(Extracted records)
*** Block opens ***

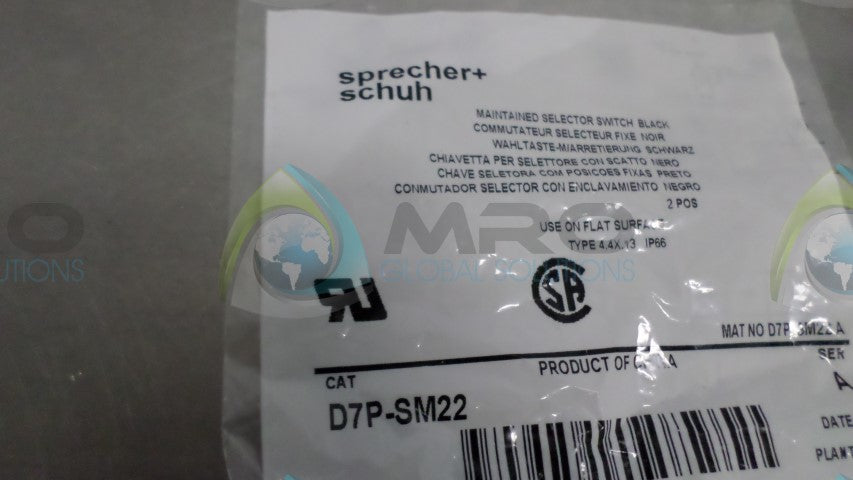 SPRECHER+SCHUH D7P-SM22 *NEW IN BAG*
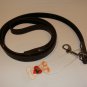 BARK LOVER DOG LEASH BRAND NEW SIMULATED BROWN LEATHER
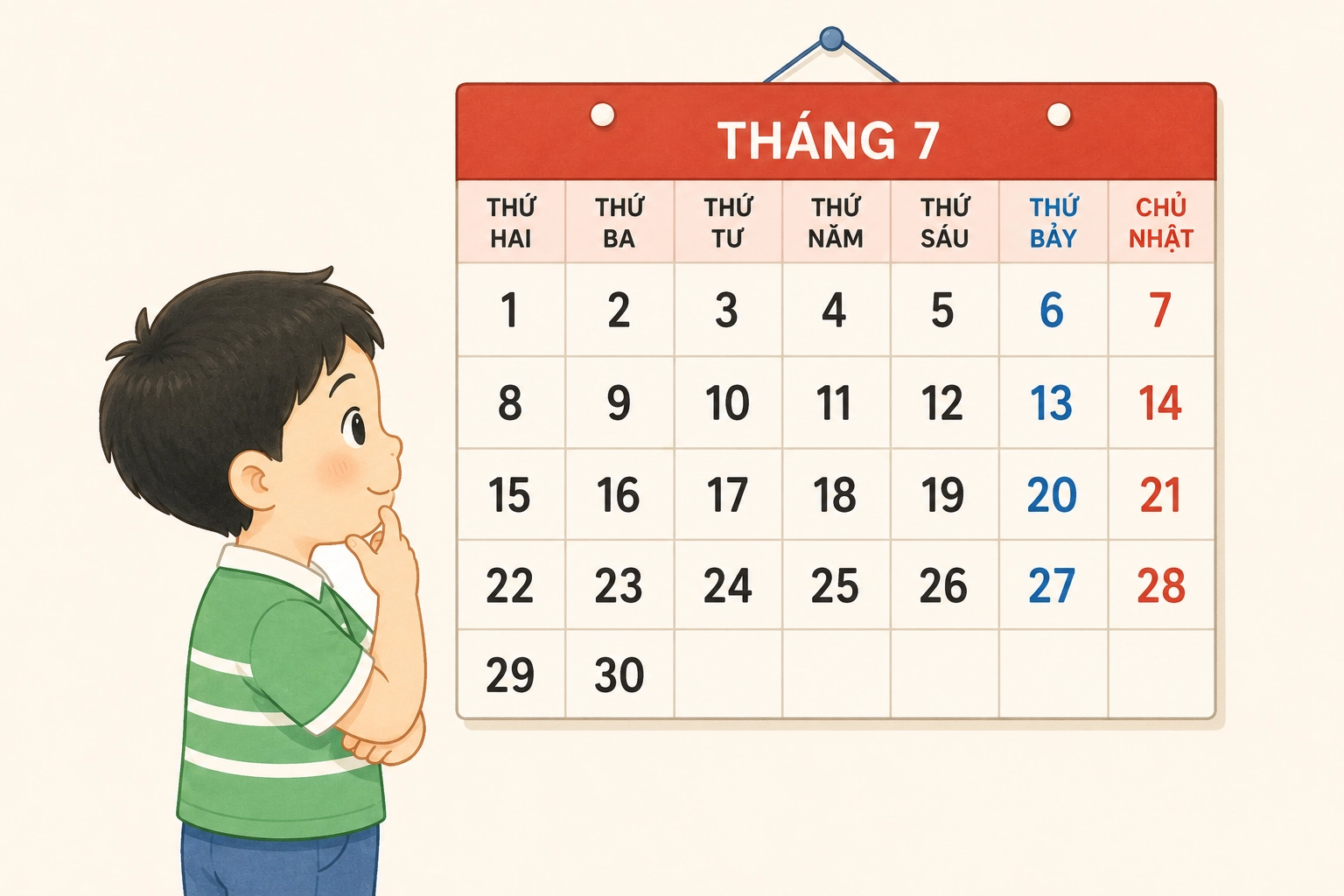 Một tuần có mấy ngày?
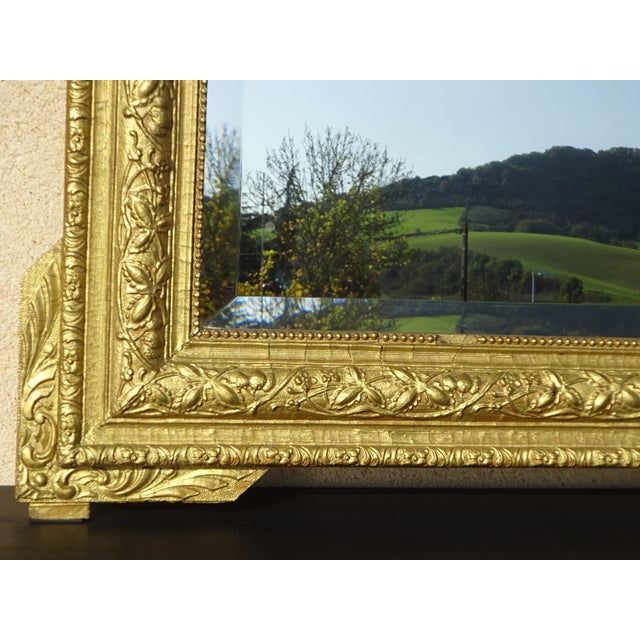 Antique Gilded Mirror, 1890s For Sale - Image 14 of 18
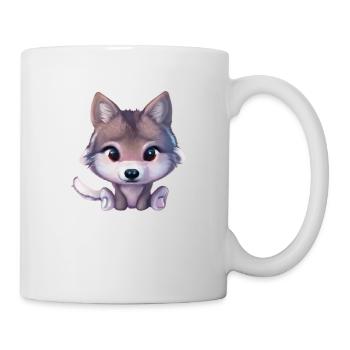 Kleiner wolf - Tasse - Weiß - Rechts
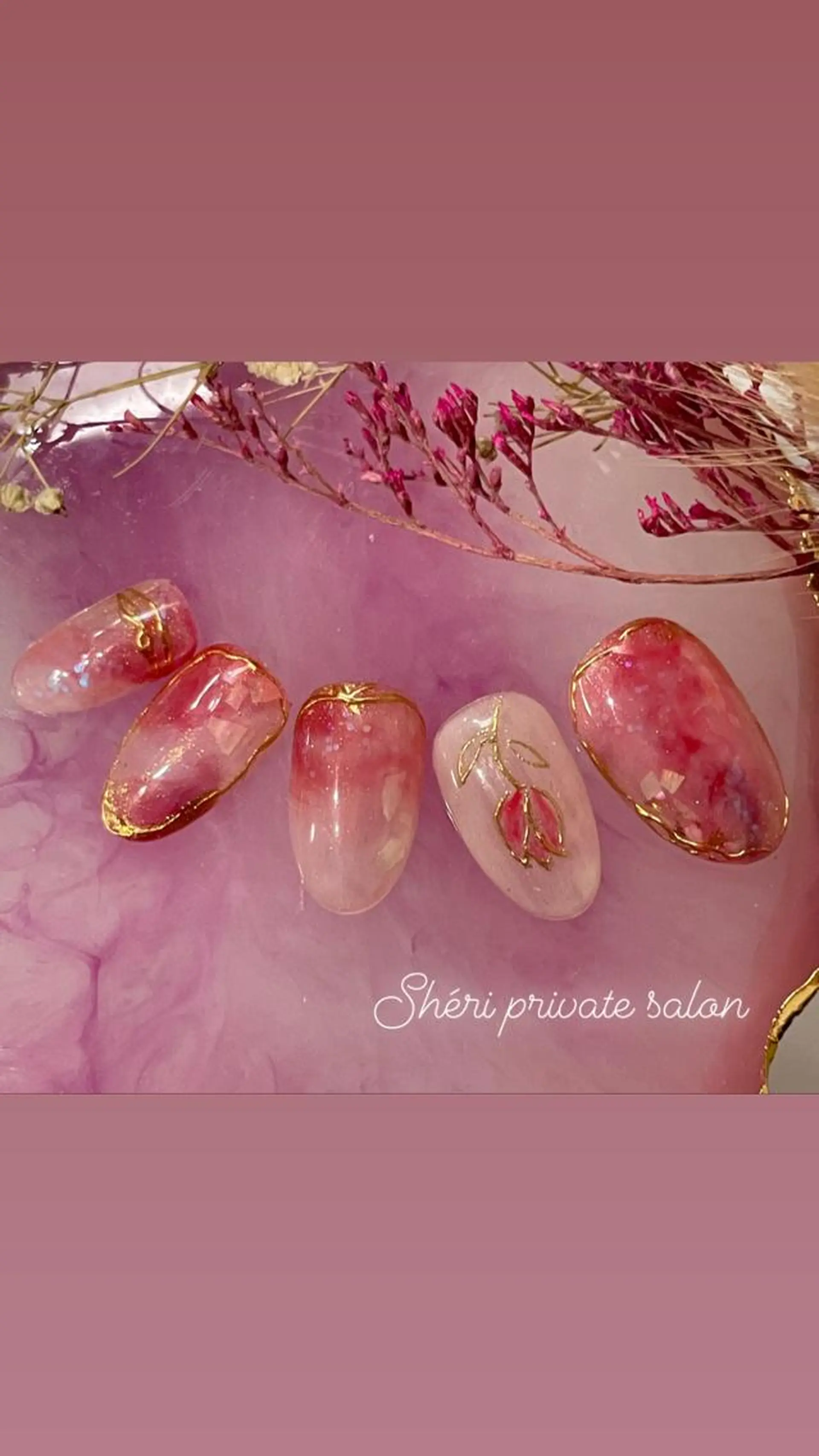 カラー ネイル クリアネイル ニュアンスネイル Chérinail 爪のお手入れのネイルデザイン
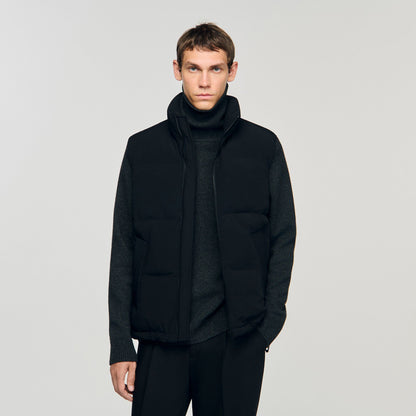 Sleeveless technical puffer | Sandro
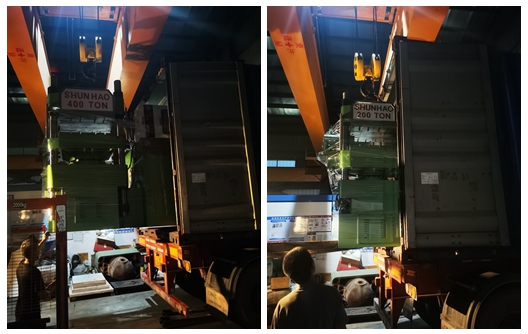 200 ton melamine molding machine shipment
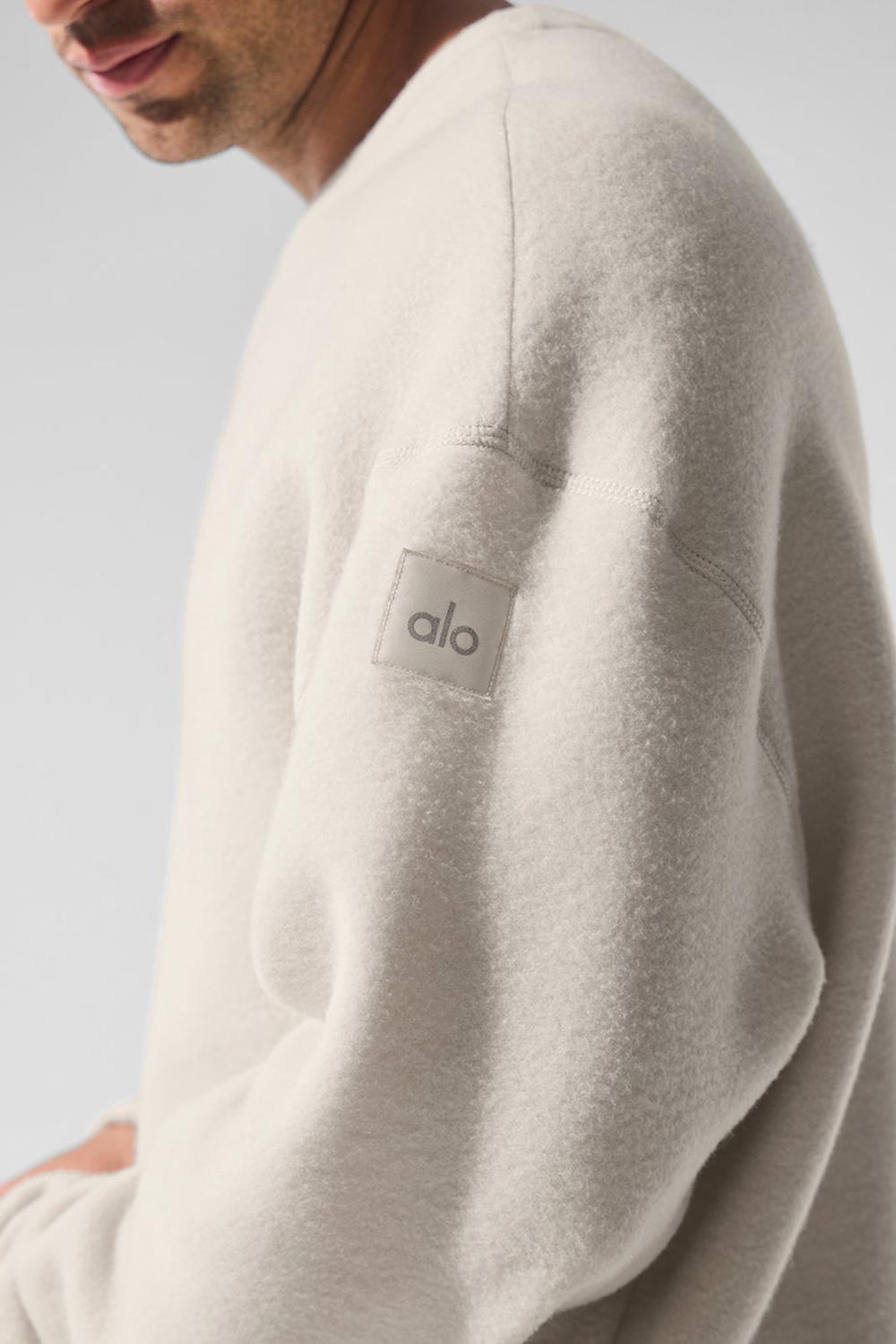 Bone Men Alo Yoga Triumph Restore Crew Neck Sweatshirt | Australia  85213-WGDP
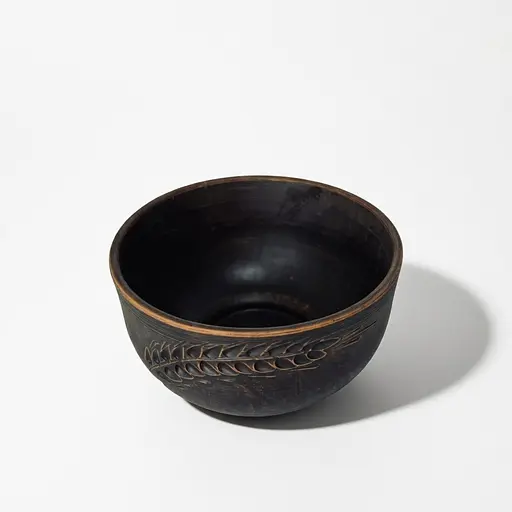 Салатник з червоної глини 700мл Колосок молочена кераміка Український глиняний посуд - фото 6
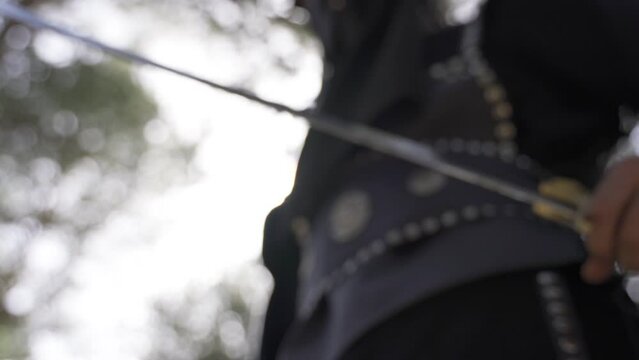 Medieval soldier and sword.
Pioneer unit, historical periods, war style, infantry units, battlefield, historical reenactment, byzantine soldiers, roman era soldiers, ottoman era soldiers. Ancient docu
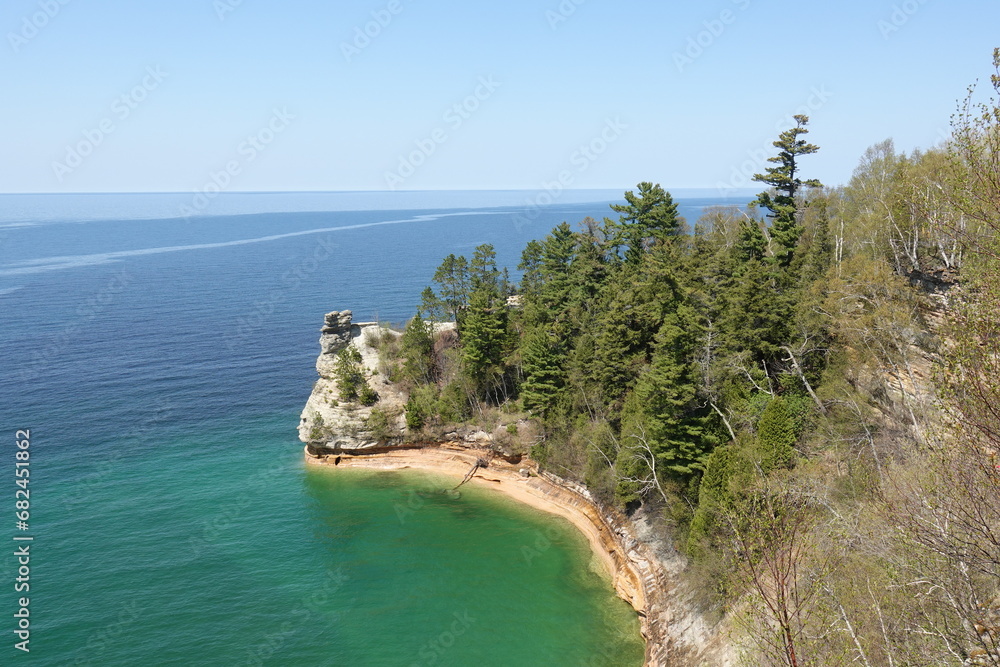pictured rocks in national lake shore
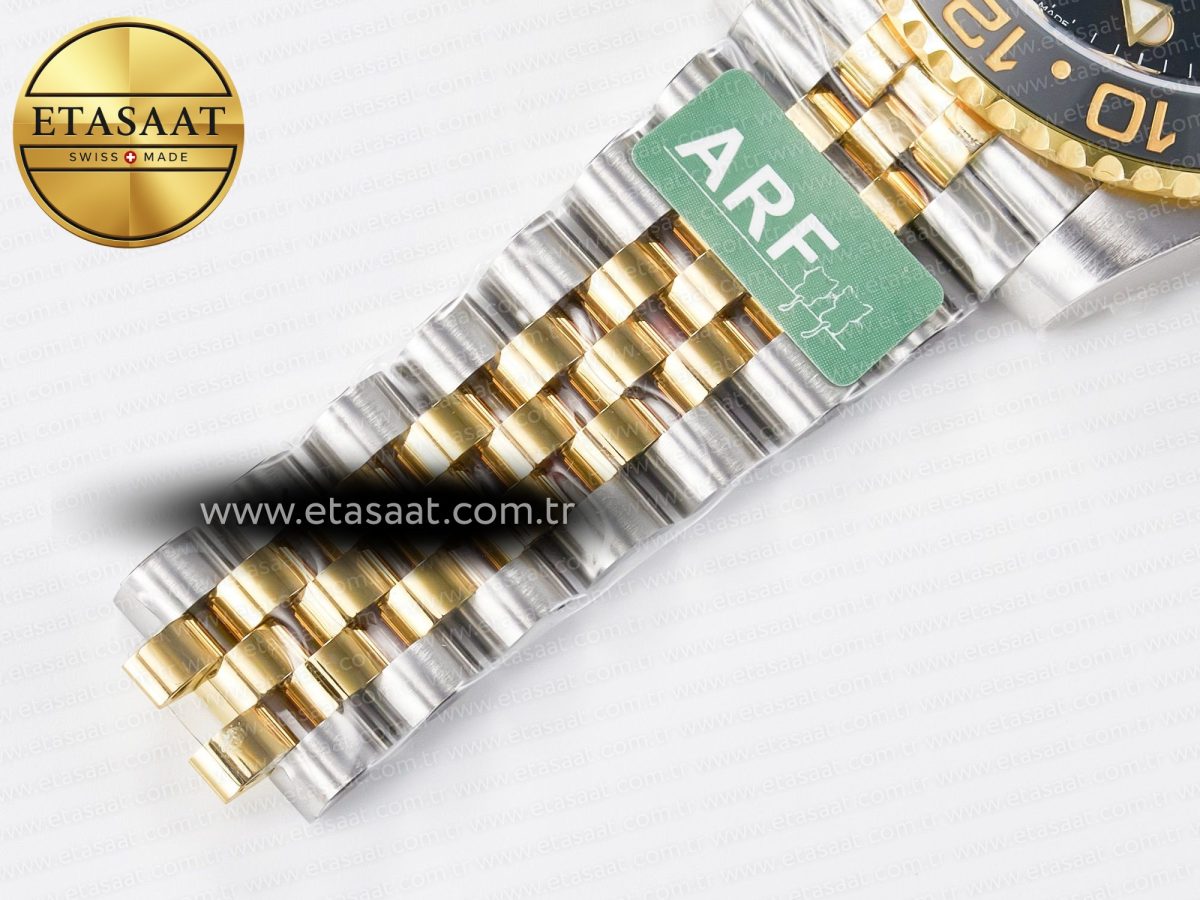 Rolex GMT-Master II 126713 GRNR ARF 1:1 Best Edition on Black Dial SS/YG Bracelet Super Clone VR3285 CHS (Gain Weight) - Görsel 26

*** Block closes ***

TASK
Copy the entries above exactly, but only the stretch from the line containing "BARK LOVER DOG" through the line containing "200 ton melamine molding machine shipment". Keep both end lines; drop the pictures.

SOLUTION TO THIS PROBLEM
 BARK LOVER DOG LEASH BRAND NEW SIMULATED BROWN LEATHER
 Một tuần có mấy ngày?
 Antique Gilded Mirror, 1890s For Sale - Image 14 of 18
 Kleiner wolf - Tasse - Weiß - Rechts
 カラー ネイル クリアネイル ニュアンスネイル Chérinail 爪のお手入れのネイルデザイン
 Sleeveless technical puffer | Sandro
 200 ton melamine molding machine shipment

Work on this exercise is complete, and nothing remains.